What to do: For the records that follow, please set down exactly the lines between the one holding "Posaollas Gato Romano Cordòn Amarillo" and the one holding "ARNAVUTKÖY HADIMKÖY MAH.", inclusive, and only those.

Supplied records:
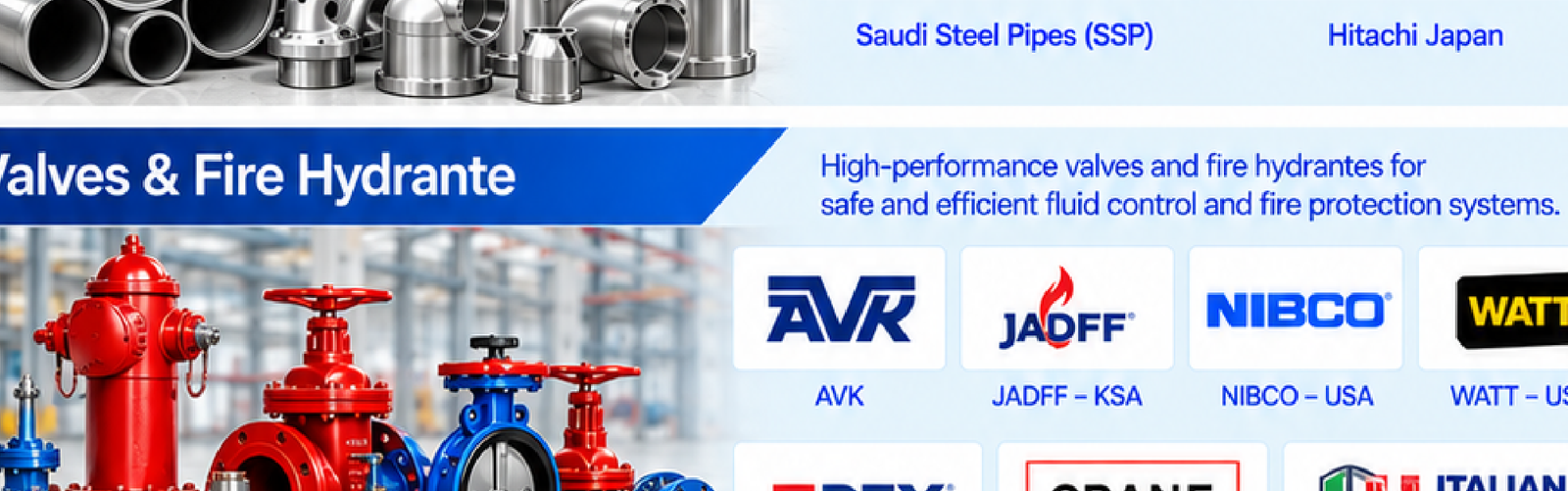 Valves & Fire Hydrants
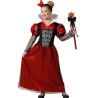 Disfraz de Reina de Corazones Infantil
...
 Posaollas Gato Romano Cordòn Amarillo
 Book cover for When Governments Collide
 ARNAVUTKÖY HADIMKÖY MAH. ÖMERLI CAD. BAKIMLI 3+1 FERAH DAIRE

Completed task:
 Posaollas Gato Romano Cordòn Amarillo
 Book cover for When Governments Collide
 ARNAVUTKÖY HADIMKÖY MAH. ÖMERLI CAD. BAKIMLI 3+1 FERAH DAIRE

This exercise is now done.